Out of the box you can raise invoices and record payments you collected yourself. To send a pay link a client can actually click, connect a payment gateway first. DMLY supports Stripe, PayPal, Paystack, Razorpay, MyFatoorah and Mercado Pago. Gateways are connected under Configurations → Integrations, not in Finance. Finance settings → Gateways only restates the point — Connect a payment gateway to accept online payments and share pay links. — and links you there; it says this whether or not a gateway is already connected. The message that appears only when none is connected is in the Payment link & QR modal: No payment gateway is connected yet. Connect one to generate a payment link.
With more than one gateway connected and no provider chosen, DMLY uses the one you connected first. If you care which processor takes a payment, choose it explicitly rather than relying on that.
Connecting is done by pasting API credentials, and no gateway registers its webhook for you — you set the endpoint in the provider’s own dashboard. Skip that step and payments will be taken but your invoices will still show as unpaid. See Payments and gateways.

Sending is WhatsApp-first

An invoice goes out over WhatsApp by default, using a Meta-approved template. WhatsApp will not deliver a template Meta has not approved, so if invoice messages are not arriving, check your template status before anything else. The Payment link & QR action on an invoice opens a modal with a scannable code you can show at a counter, Visit link, Copy link, and Share via checkboxes for Email, SMS and WhatsApp. The action is hidden on paid and void invoices, and on any invoice with no client attached. Download PDF gives you the branded invoice as a file, using your workspace name, logo and business details.

The statuses you will see

A payment only ever moves forward through its statuses — a refunded payment never returns to succeeded. Every order you create starts as Draft, because the Confirm order immediately switch in the order builder is off by default. A Draft order is the only one you can delete; its other action is Confirm order.
The order list also offers Fulfilled and Refunded labels. Neither is reachable for an order you create in Finance; they belong to the separate e-commerce store sync. Ignore them.

Voiding, not deleting

Only a Draft invoice can be deleted. Once you have sent one, void it instead — voiding keeps the record, credits the client’s statement for the amount still outstanding, and claws back any loyalty points earned on that sale.
Voiding is how you cancel a sent invoice, and the record stays visible forever. Do not send a draft you are unsure about expecting to delete it later.

What runs on its own

Once a day, DMLY marks invoices past their due date as Overdue, reminds clients about renewals coming up in three days, and rolls subscriptions that are due. Subscriptions set up for Auto-charge are charged against the client’s saved card, and the renewal generates and sends an invoice on its own. Without Auto-charge, a renewal only advances the billing period.

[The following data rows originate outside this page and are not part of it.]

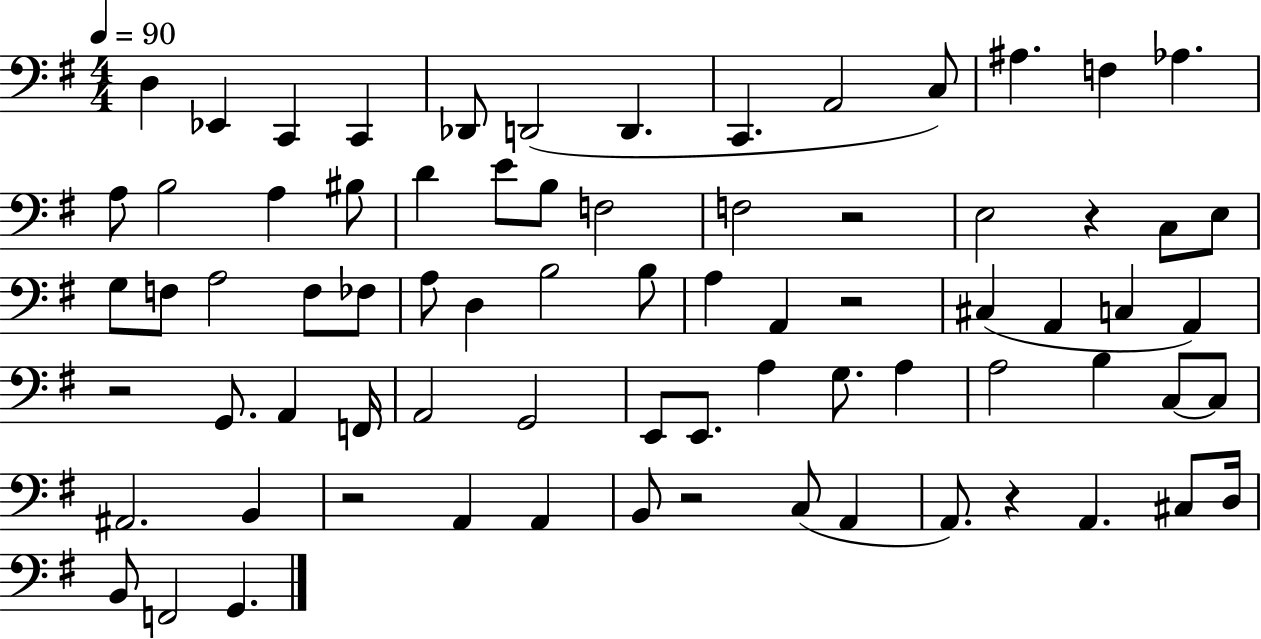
X:1
T:Untitled
M:4/4
L:1/4
K:G
D, _E,, C,, C,, _D,,/2 D,,2 D,, C,, A,,2 C,/2 ^A, F, _A, A,/2 B,2 A, ^B,/2 D E/2 B,/2 F,2 F,2 z2 E,2 z C,/2 E,/2 G,/2 F,/2 A,2 F,/2 _F,/2 A,/2 D, B,2 B,/2 A, A,, z2 ^C, A,, C, A,, z2 G,,/2 A,, F,,/4 A,,2 G,,2 E,,/2 E,,/2 A, G,/2 A, A,2 B, C,/2 C,/2 ^A,,2 B,, z2 A,, A,, B,,/2 z2 C,/2 A,, A,,/2 z A,, ^C,/2 D,/4 B,,/2 F,,2 G,,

No invoice is created, no statement entry is posted, and the client is sent nothing — so nothing is owed in Finance until you open the subscription’s row menu and click Generate invoice yourself. If an auto-charge fails, DMLY retries every two days and pauses the subscription after the third failure, notifying the client each time. See Subscriptions.

Set your defaults first

Before your first invoice, set your currency, due days, numbering and tax in Finance settings — these become the defaults on every invoice you raise, and fixing them afterwards means re-issuing documents.